• **Exercise brief**
Because the copy must hold no pictures, return the data below with all of its words intact.

• **Exercise inputs**
-*-

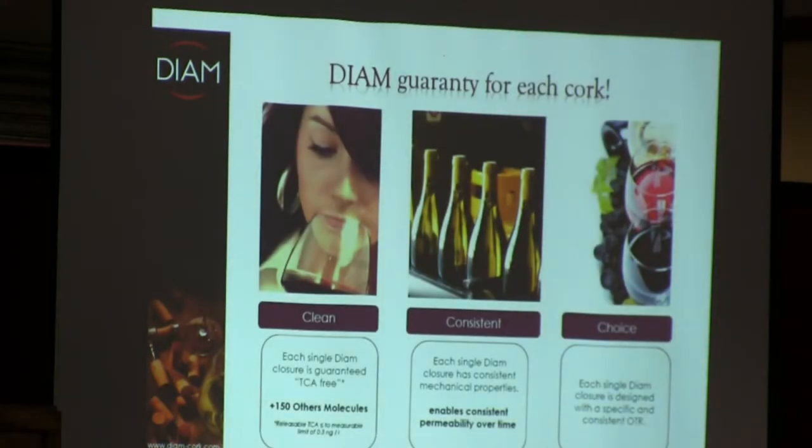Dion basically guarantees you three things. We guarantee that you will have a clean cork — each and every cork will be clean, with no TCA. We've removed all the anisols and phenols from the corks. And each and every bottle, as Brad said, is going to be consistent. We also have consistent mechanical properties so that the consistency of the cork will be the same from cork to cork.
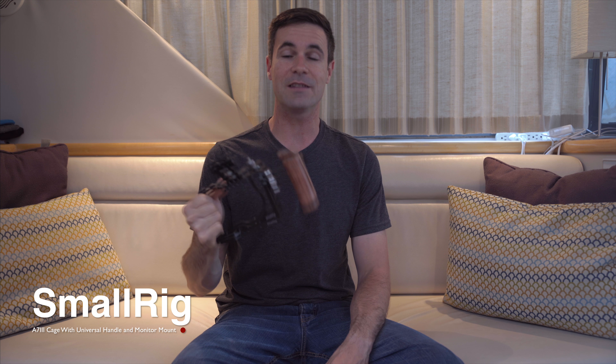First off, I just want to say that I wasn't sponsored by any means by SmallRig — this is my opinion on the kit that I purchased. I'll show you why I purchased the specific kit, how to disassemble and assemble it, its features, and I'll show you my rig out in the field to give you an idea of how the whole setup works once you put the camera in it.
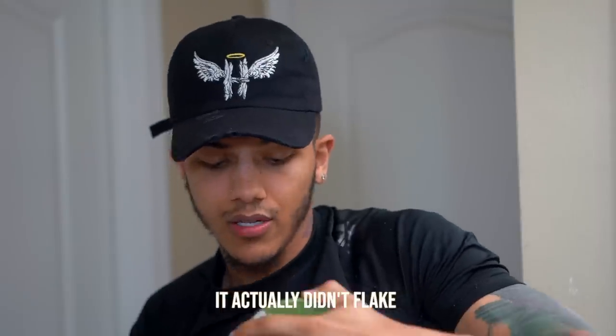It says no flake, no tack, anti-itch — that is a goddamn lie, because I know this stuff flakes. But this stuff smells good though — oh, that smells really good!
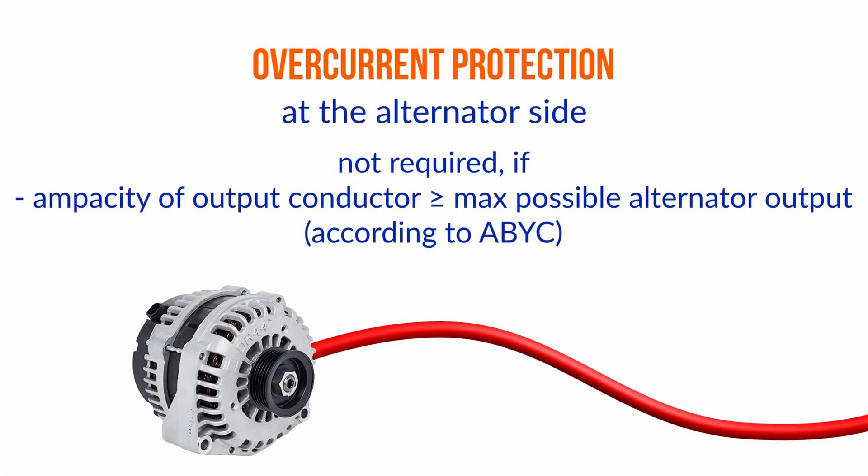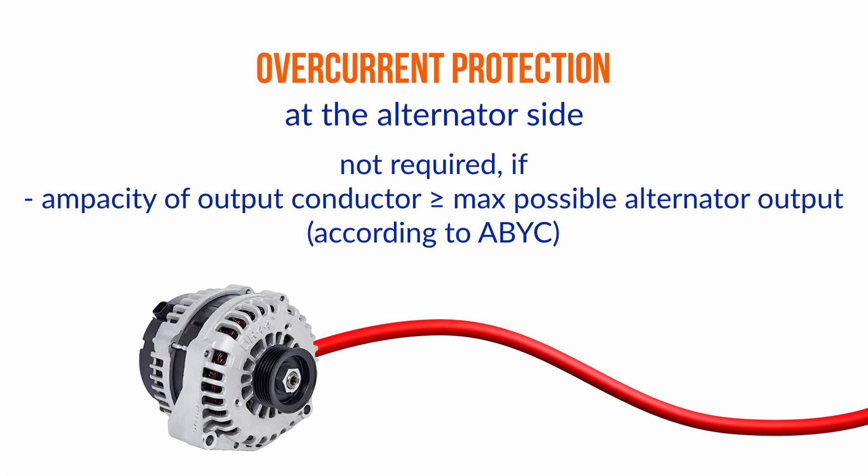Technically speaking, the alternator cannot fry that conductor. Even regardless of what happens at the alternator, it can't fry the conductor. So from the ABYC's perspective, he doesn't need a fuse at the alternator.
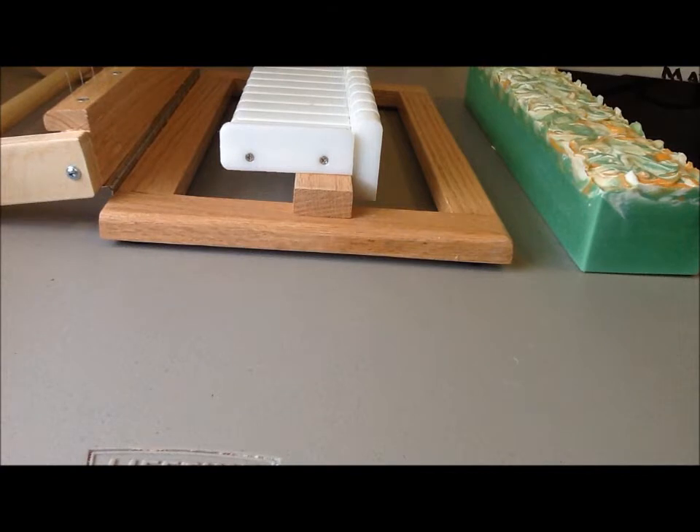Hi y'all, it's Shannon from Smellicious Soaps here, and I'm getting ready to cut the soap I made yesterday, which is the first in my signature line called Fresh and Clean.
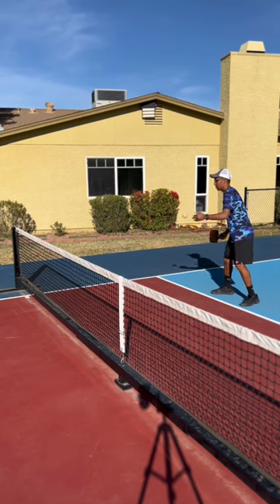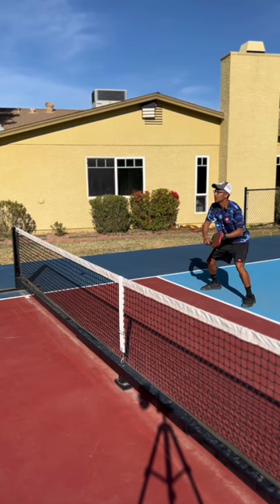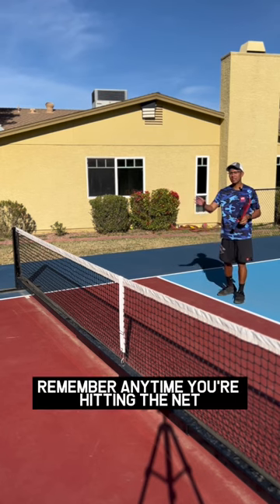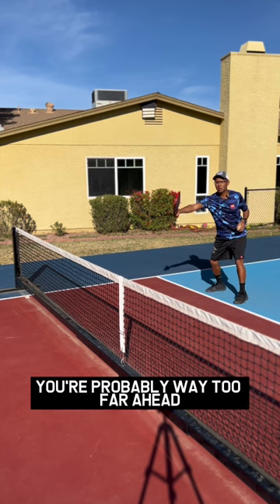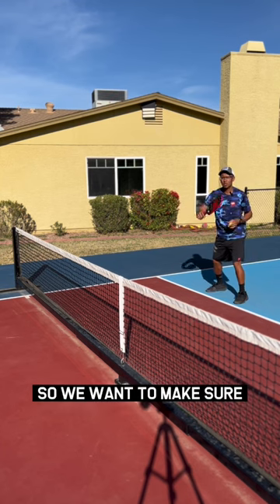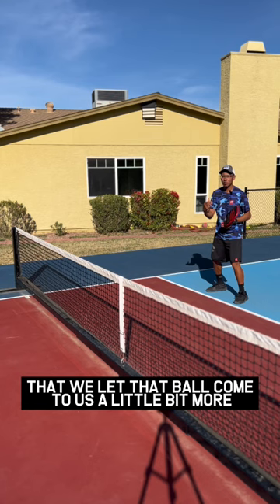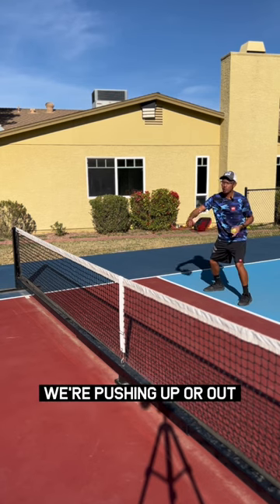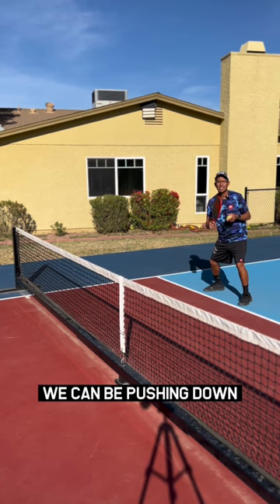So it's going to look like this. Remember, anytime you're hitting the net, you're probably way too far ahead. We want to make sure that we let that ball come to us a little bit more. And we also want to make sure that we're pushing up or out — we can't be pushing down into the net.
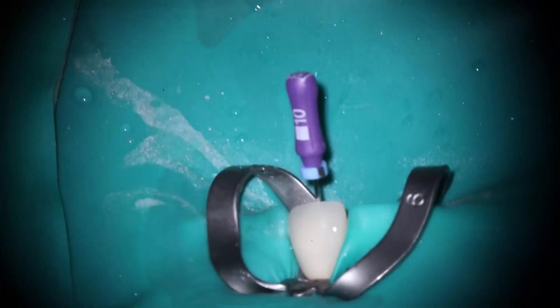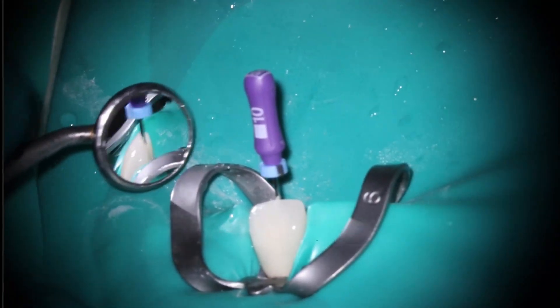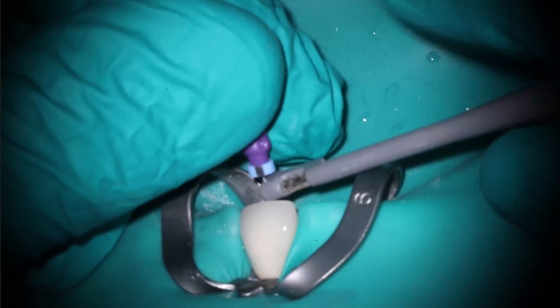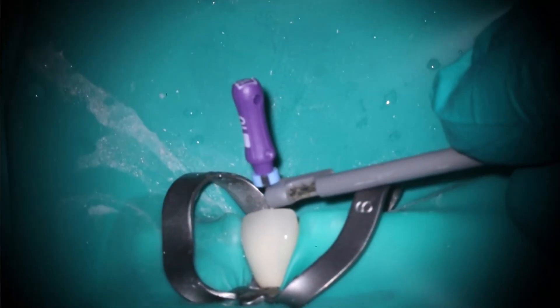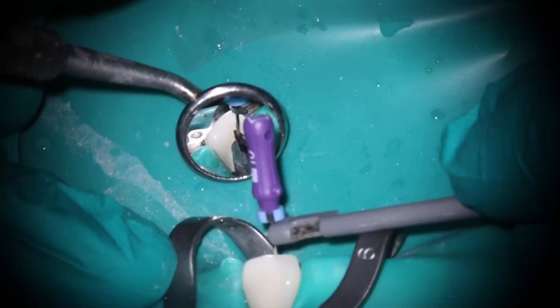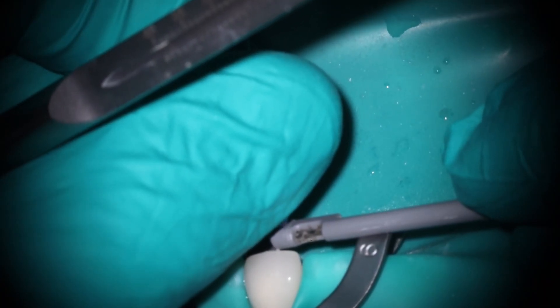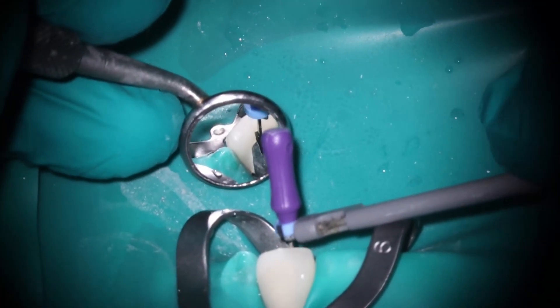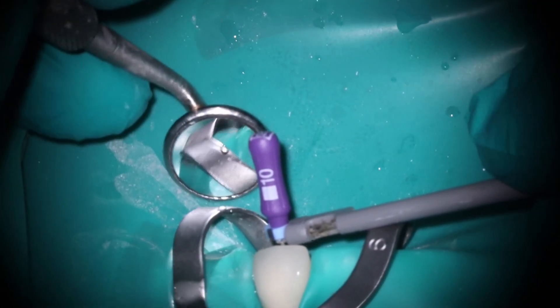I'm going to go ahead and get the working length here, and I think this really exemplifies how important that access is. Look at the angulation — this file is completely straight and it still wants to be pushed out to the buccal, hitting on the surface of the porcelain. You'll notice when you take working lengths on those traditional cingulum accesses, the file almost comes out bent because it gets pushed so far palatally. The long axis of the tooth ideally is going to go out the incisal edge.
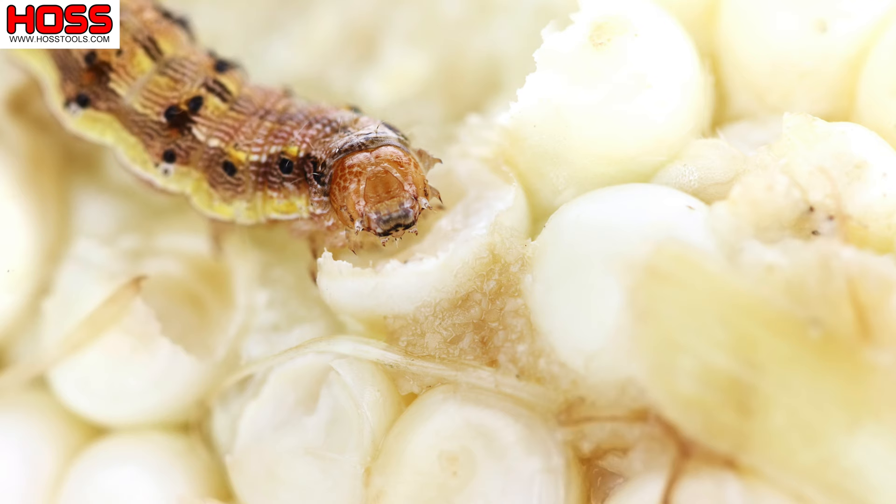The corn earworm can be found in a variety of colors — you'll see some that are green, some that are brown. It's basically the larval form of a moth that likes to lay eggs on your corn plants. Those moths are actually attracted to the smell of those corn silks, and that's where they end up usually laying their eggs.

-*-

• **Task response**
Dion basically guarantees you three things. We guarantee that you will have a clean cork — each and every cork will be clean, with no TCA. We've removed all the anisols and phenols from the corks. And each and every bottle, as Brad said, is going to be consistent. We also have consistent mechanical properties so that the consistency of the cork will be the same from cork to cork.
First off, I just want to say that I wasn't sponsored by any means by SmallRig — this is my opinion on the kit that I purchased. I'll show you why I purchased the specific kit, how to disassemble and assemble it, its features, and I'll show you my rig out in the field to give you an idea of how the whole setup works once you put the camera in it.
It says no flake, no tack, anti-itch — that is a goddamn lie, because I know this stuff flakes. But this stuff smells good though — oh, that smells really good!
Technically speaking, the alternator cannot fry that conductor. Even regardless of what happens at the alternator, it can't fry the conductor. So from the ABYC's perspective, he doesn't need a fuse at the alternator.
Hi y'all, it's Shannon from Smellicious Soaps here, and I'm getting ready to cut the soap I made yesterday, which is the first in my signature line called Fresh and Clean.
So it's going to look like this. Remember, anytime you're hitting the net, you're probably way too far ahead. We want to make sure that we let that ball come to us a little bit more. And we also want to make sure that we're pushing up or out — we can't be pushing down into the net.
I'm going to go ahead and get the working length here, and I think this really exemplifies how important that access is. Look at the angulation — this file is completely straight and it still wants to be pushed out to the buccal, hitting on the surface of the porcelain. You'll notice when you take working lengths on those traditional cingulum accesses, the file almost comes out bent because it gets pushed so far palatally. The long axis of the tooth ideally is going to go out the incisal edge.
The corn earworm can be found in a variety of colors — you'll see some that are green, some that are brown. It's basically the larval form of a moth that likes to lay eggs on your corn plants. Those moths are actually attracted to the smell of those corn silks, and that's where they end up usually laying their eggs.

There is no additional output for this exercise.